◆ **DATA SECTION**:

----------

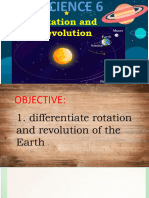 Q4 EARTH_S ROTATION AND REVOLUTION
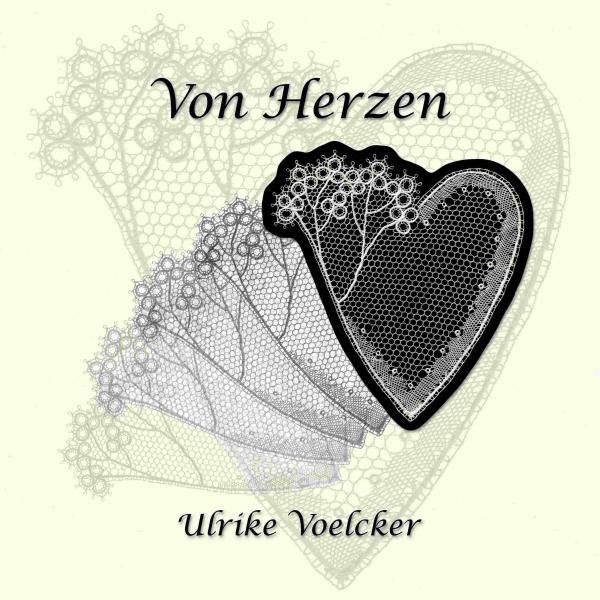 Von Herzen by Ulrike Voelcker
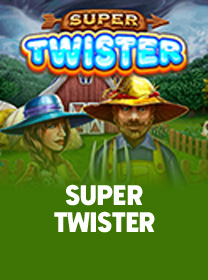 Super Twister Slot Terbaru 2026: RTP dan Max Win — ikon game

----------

◆ **EXERCISE DETAILS**: The answer should consist only of the lines from the one with "Von Herzen by Ulrike Voelcker" through the last line of the material above, copied exactly, with no pictures.

◆ **SOLUTION TO THIS TASK**:
 Von Herzen by Ulrike Voelcker
 Super Twister Slot Terbaru 2026: RTP dan Max Win — ikon game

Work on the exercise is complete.